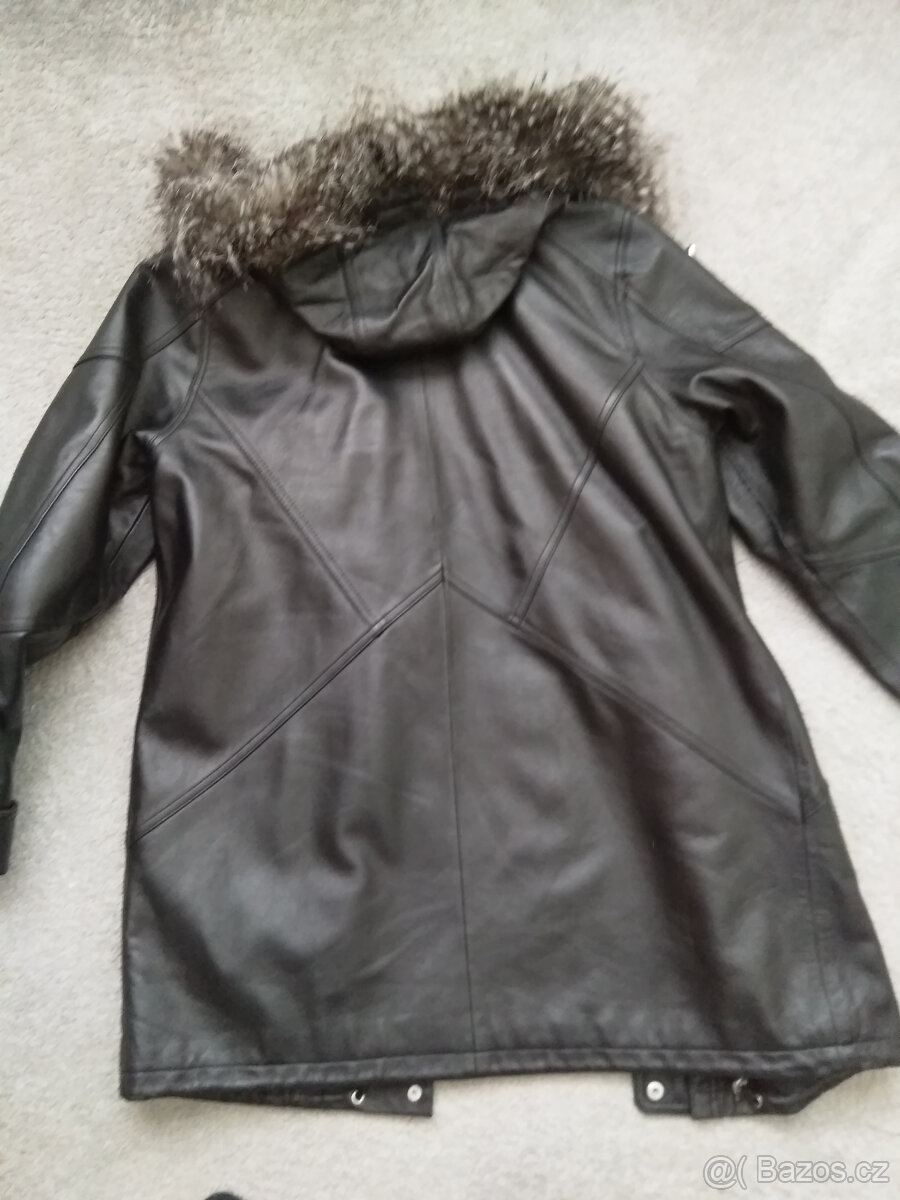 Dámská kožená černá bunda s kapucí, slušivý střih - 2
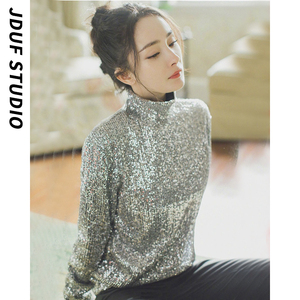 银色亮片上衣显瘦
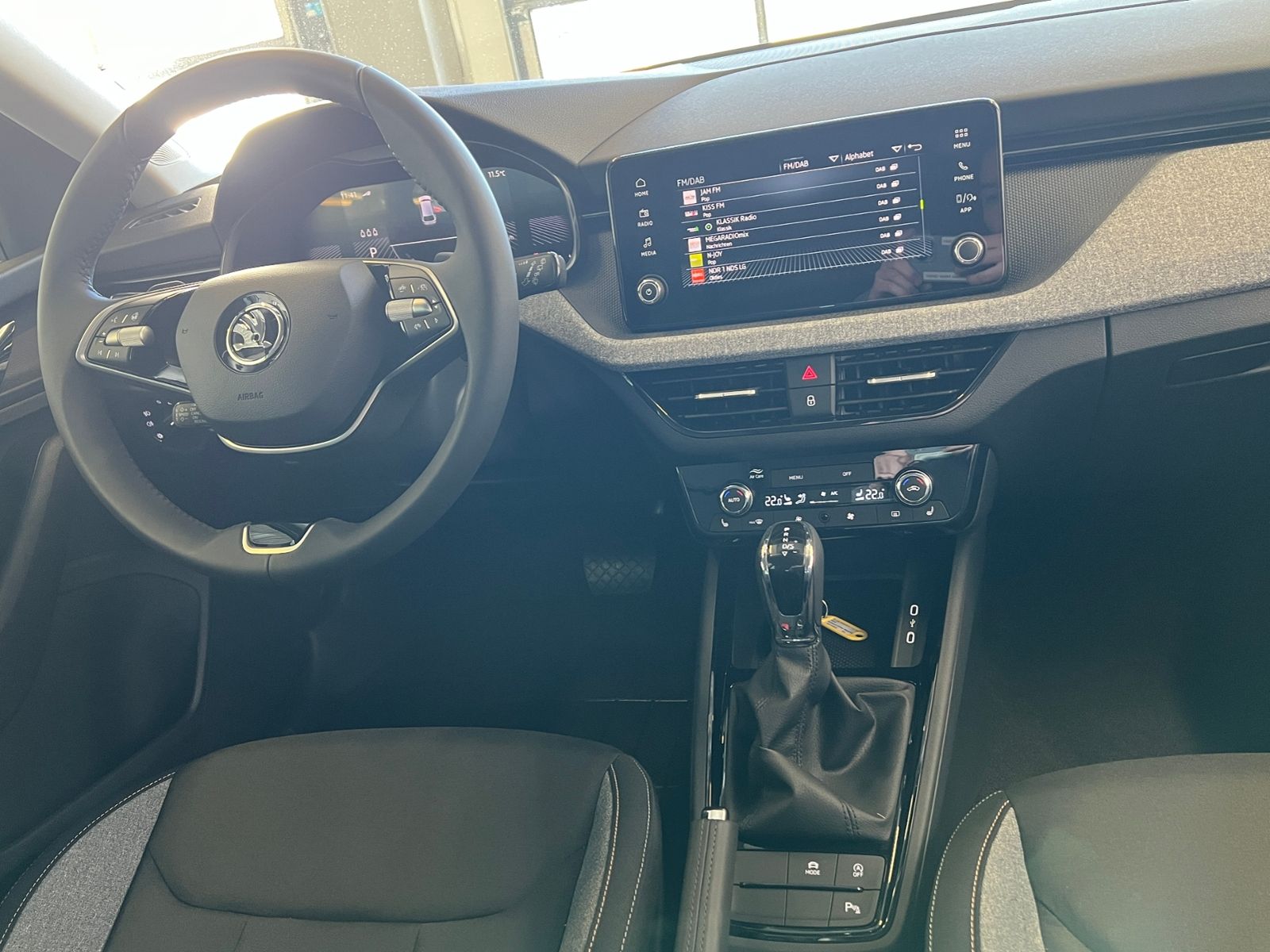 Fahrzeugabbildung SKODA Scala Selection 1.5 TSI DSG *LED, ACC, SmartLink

Task details -
Please print the data above once more, exactly as it appears, with no pictures.

Worked solution -
 Dámská kožená černá bunda s kapucí, slušivý střih - 2
 银色亮片上衣显瘦
 Fahrzeugabbildung SKODA Scala Selection 1.5 TSI DSG *LED, ACC, SmartLink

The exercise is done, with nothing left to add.